Thursday 19 April 2012

Thursday 19th April 2012 - Graduates into school-teaching

At one time it seemed straightforward to go from a first degree into a secondary school teaching career.  Sometime during their final year, students applied for a place on a CertEd (later PGCE) course at their own or another university.  After graduation they went on to that, and then they became teachers.

It has become much more complicated recently, and it seems about to become even more dsifficult to comprehend.  We have for some years had 'Teach First' which produces a different balance between the school placement and the acacdemic learning.  Financial incentives to try to get the best graduates into teaching in subjects such as Science and Maths also changed the previous equality in treatment of students entering different disciplinary areas of the profession.  At the same time the funding to universities for teacher training started to be eroded.  Some years ago the Institute of Education in London threatened to pull out of initial teacher training because the finances didn't stack up, and Sheffield joined in the campaign that was then partly successful in raising the resourcing level. From 2012 onwards, of course, students taking a PGCE will be subject to the £9k fee because - for reasons I have never understood - the PGCE is regarded as equivalent to an undergraduate-level qualification and public funding for it is being cut, to be replaced by student fee.  A number of universities have stopped PGCE training in certain subjects, so the choice of institutions to train at is often very limited.  When I was Head of Economics I observed that there was little encouragement to train to teach the subject in schools for anyone graduating from Sheffield, the LSE or Oxford when the only two GCSE providers in Economics were in very poorly-ranked post-92 universities.

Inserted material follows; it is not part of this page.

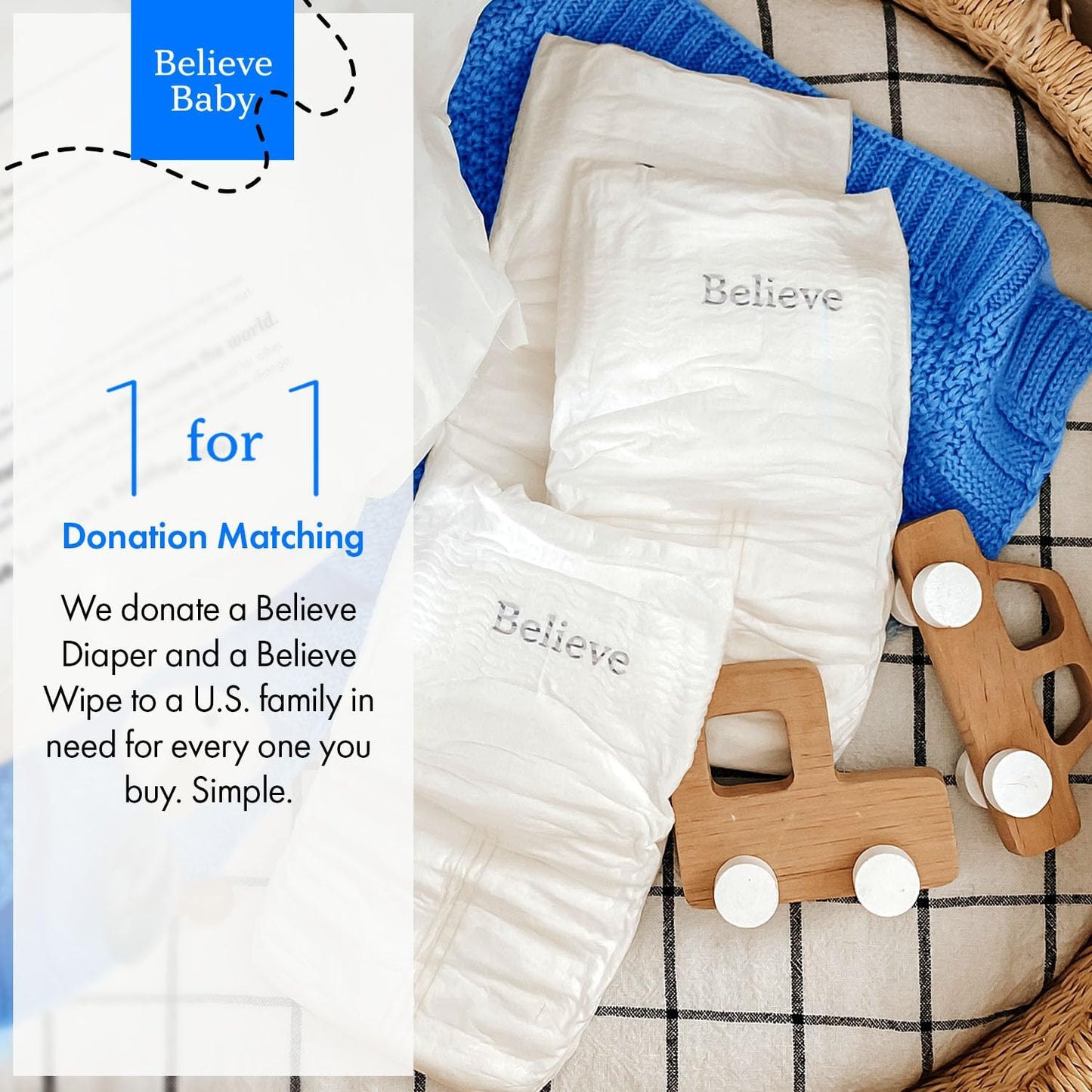Believe Diapers Size Newborn (<10Lbs) Viscose Bamboo Diapers 36 Count – Natural Baby Diaper, Chemical Free and Fragrance Free Natural Diaper for Sensitive Skin, Super Absorbent with Leak Protection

There now seems to be a belief in certain circles that studying how to become a teacher in a university context (plus placements) has little value. Instead all the training should be done on the job.  Imagine the same argument being applied to surgery, general practice, or architecture.  I for one would much rather be treated by a doctor who has been trained through a combination of education in anatomy and physiology alongside supervised obesrvation and practice, rather than one who had simply been sent along to learn by watching and doing.

But today I was involved in a meeting about 'School Direct', a new way of training new teachers.  They will be recruited to a school - indeed to a school which intends to employ them in the longer term.  They will not come to the university, or be mentored from the university.  They will be supervised entirely within the school. They will not meet educational researchers, or learn about the new developments in thinking about the delivery of their discipline.  And yet there is still a nod in the direction of universities in the scheme because although these individuals will not obtain any qualification whatsoever from their training period (no PGCE, no CertEd, no MA), universities are being asked to register them.  They will be on our books in some way but for a non-qualification, with no content provided by the university, no assessment undertaken by us, and no degree award at the end.  The university will have virtually no contact with these 'students': instead it will in some way supervise the way in which the performance of these trainees is being assessed in the schools in which they are working. 

What a contrast with various mainland European systems that I know - where to become a specialist secondary school teacher a student moves onto a specific degree track for 2 or even 3 years for the integration of subject knowledge with the development of expertise in pedagogy.